CRANMER.--C'est mon devoir d'être aux ordres de Votre Majesté.
LE ROI HENRI.--Je vous prie, levez-vous, mon cher et honnête lord de Cantorbéry. Venez, il faut que nous fassions un tour ensemble: j'ai des nouvelles à vous apprendre. Allons, venez: donnez-moi votre main.--Ah! mon cher lord, j'ai de la douleur de ce que j'ai à vous dire, et je suis sincèrement affecté d'avoir à vous faire connaître ce qui va s'ensuivre. J'ai dernièrement, et bien malgré moi, entendu beaucoup de plaintes graves; oui, milord, des plaintes très graves contre vous: après examen, elles nous ont déterminé, nous et notre conseil, à vous faire comparaître ce matin devant nous. Et je sais que vous ne pouvez vous disculper assez complètement, pour que, durant la procédure à laquelle donneront lieu ces charges sur lesquelles vous serez interrogé, vous ne soyez pas obligé, appelant la patience à votre aide, de faire votre demeure à la Tour. Vous ayant pour confrère dans notre conseil, il convient que nous procédions ainsi, autrement nul témoin n'oserait se produire contre vous.
CRANMER.--Je remercie humblement Votre Majesté, et je saisirai, avec une véritable joie, cette occasion favorable d'être vanné à fond, en telle sorte que le son et le grain se séparent entièrement; car je sais que personne autant que moi, pauvre homme, n'est en butte aux discours de la calomnie.
LE ROI HENRI.--Lève-toi, bon Cantorbéry. Ta fidélité, ton intégrité, ont jeté des racines en nous, en ton ami.--Donne-moi ta main: lève-toi.--Je te prie, continuons de marcher.--Mais, par Notre-Dame, quelle espèce d'homme êtes-vous donc? Je m'attendais, milord, que vous me demanderiez de prendre la peine de confronter moi-même vos accusateurs et vous, et de vous laisser vous défendre sans aller en prison.
CRANMER.--Redouté seigneur, l'appui sur lequel je me fonde, c'est ma loyauté et ma probité. Si elles viennent à me manquer avec mes ennemis, je me réjouirai de ma chute, ne m'estimant plus moi-même dès que je ne posséderais plus ces vertus.--Je ne redoute rien de ce qu'on peut avancer contre moi.
LE ROI HENRI.--Ne savez-vous donc pas quelle est votre position dans le monde et avec tout le monde? Vos ennemis sont nombreux, et ce ne sont pas de petits personnages; leurs trames secrètes doivent être en proportion de leur force et de leur pouvoir; et la justice, la bonté d'une cause, n'emportent pas toujours un arrêt tel qu'on le leur doit.
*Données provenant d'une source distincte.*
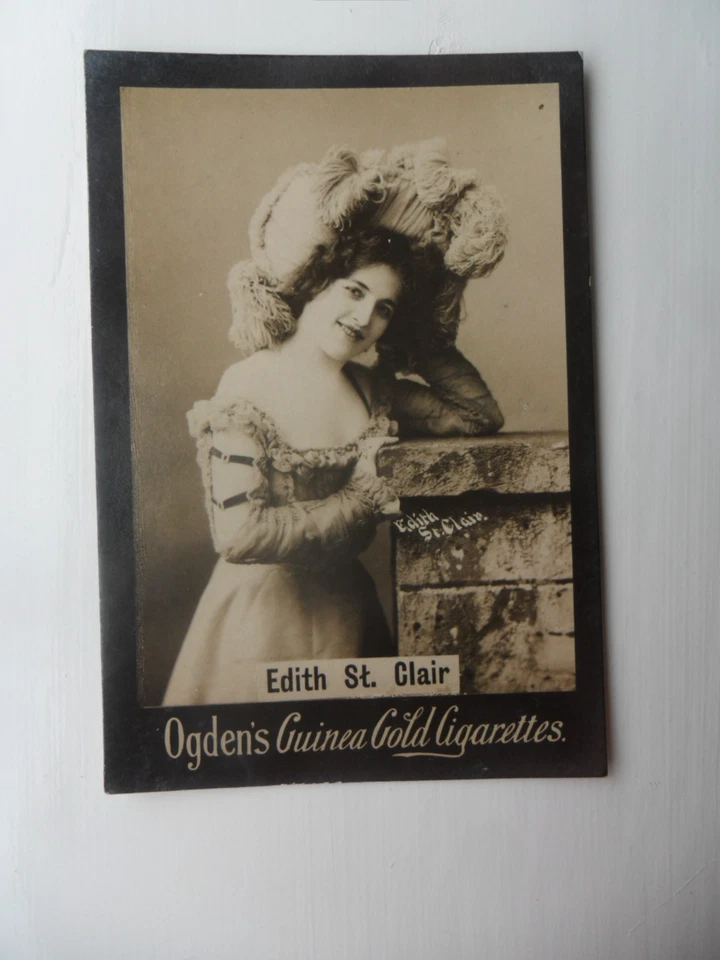 Ogden's Guinea Gold LARGE actress card DX338 Edith St.Clair - Image 1 of 1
Ne savez-vous pas avec quelle facilité des âmes corrompues peuvent se procurer des misérables corrompus comme elles pour prêter serment contre vous? Ces exemples se sont vus. Vous avez à lutter contre des adversaires puissants et contre des haines aussi puissantes. Vous imaginez-vous avoir meilleure fortune contre des témoins parjures, que ne l'eut votre Maître, dont vous êtes le ministre, lorsqu'il vivait ici-bas sur cette terre criminelle? Allez, allez; vous prenez un précipice affreux pour un fossé qu'on peut franchir sans danger, et vous courez au-devant de votre ruine.
CRANMER.--Que Dieu et Votre Majesté protègent donc mon innocence, ou je tomberai dans le piège dressé sous mes pas!
LE ROI HENRI.--Soyez tranquille: ils ne peuvent remporter sur vous qu'autant que je le leur permettrai. Prenez donc courage et songez à comparaître ce matin devant eux. S'il arriva que leurs accusations soient de nature â vous faire conduire en prison, ne manquez pas de vous en défendre par les meilleures raisons possibles, et avec toute la chaleur que pourra vous inspirer la circonstance. Si vos représentations sont inutiles, donnez-leur cet anneau, et alors, formez devant eux appel à nous. Voyez, il pleure cet excellent homme! il est honnête, sur mon honneur. Sainte mère de Dieu! je jure qu'il a un coeur fidèle, et qu'il n'y a pas une plus belle âme dans tout mon royaume.--Allez, et faites ce que je vous ai recommandé. (Sort Cranmer.) Ses larmes ont étouffé sa voix.
(Entre une vieille dame.)
UN DES GENTILSHOMMES, derrière le théâtre.--Revenez sur vos pas. Que voulez-vous!